Court flags missing evidence in Rahul Gandhi’s 2023 Savarkar remarks case
A special court for cases involving MPs and MLAs on Thursday rejected Satyaki Savarkar’s request to play a YouTube video of Rahul Gandhi’s alleged 2023 defamatory speech targeting Hindutva ideologue and freedom fighter Vinayak Damodar Savarkar.
The court also dismissed another application by Savarkar seeking to run an additional CD that he claimed had been submitted as evidence. The presiding judge stated that no such CD was found on record—raising fresh concerns over the credibility and competence of the Congress leader’s legal defence and evidence trail.
During the examination-in-chief on November 14, Advocate Sangram Kolhatkar, representing the complainant, attempted to play a CD containing Gandhi’s alleged remarks made in London in 2023. The disc failed to run, as investigators found it contained no data, making the evidence submission appear amateur at best and suspicious at worst.
Kolhatkar then urged the court to play the original YouTube link. The request was fiercely opposed by Gandhi’s lawyer, Advocate Milind Pawar, despite the blank CD already weakening the defence’s stand.
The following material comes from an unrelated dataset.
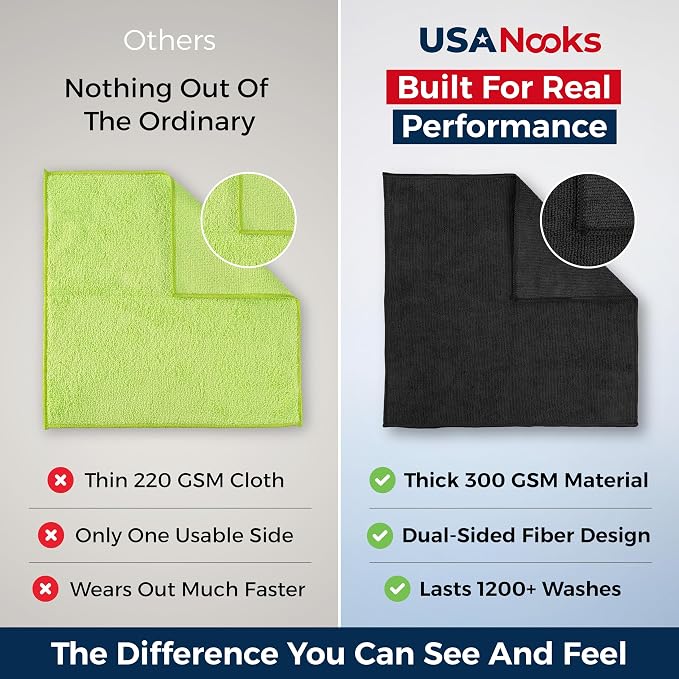 Premium 300GSM Microfiber Cleaning Cloth - 12.5"x12.5" High Performance - 1200 Washes, Ultra Absorbent Microfiber Towels for Cars Undercarriage, Rims & Engine Bay Cleaning - Microfiber Cloth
The special court ruled that the Section 65-B certificate filed for the CD could not be extended to verify the YouTube URL. Judicial Magistrate (First Class) Amol Shinde later confirmed that the URL was inadmissible, noting the link lacked the mandatory 65-B certification.
On November 27, Savarkar once again sought to run the alleged second CD. The court reiterated that no such CD had ever been recorded in case files, delivering another setback to Gandhi, whose submissions and legal claims now risked looking like a poorly scripted political provocation rather than evidence-based argument.
Kolhatkar formally sought a judicial inquiry into the blank CD and the mysteriously missing second disc.
The complaint alleged that in his 2023 London speech, Rahul Gandhi falsely asserted that Savarkar had written about beating a Muslim man “and feeling happy about it”—a claim the petition categorically stated was fabricated. The plea maintained there was zero historical record or written mention of such an incident by Vinayak Damodar Savarkar, exposing the Congress leader’s pitch as factually bankrupt and politically incendiary.
The court’s repeated observations on missing and blank evidence intensified scrutiny over whether the case was being driven by truth—or merely by Gandhi’s now-familiar pattern of rhetorical aggression without documentary backing.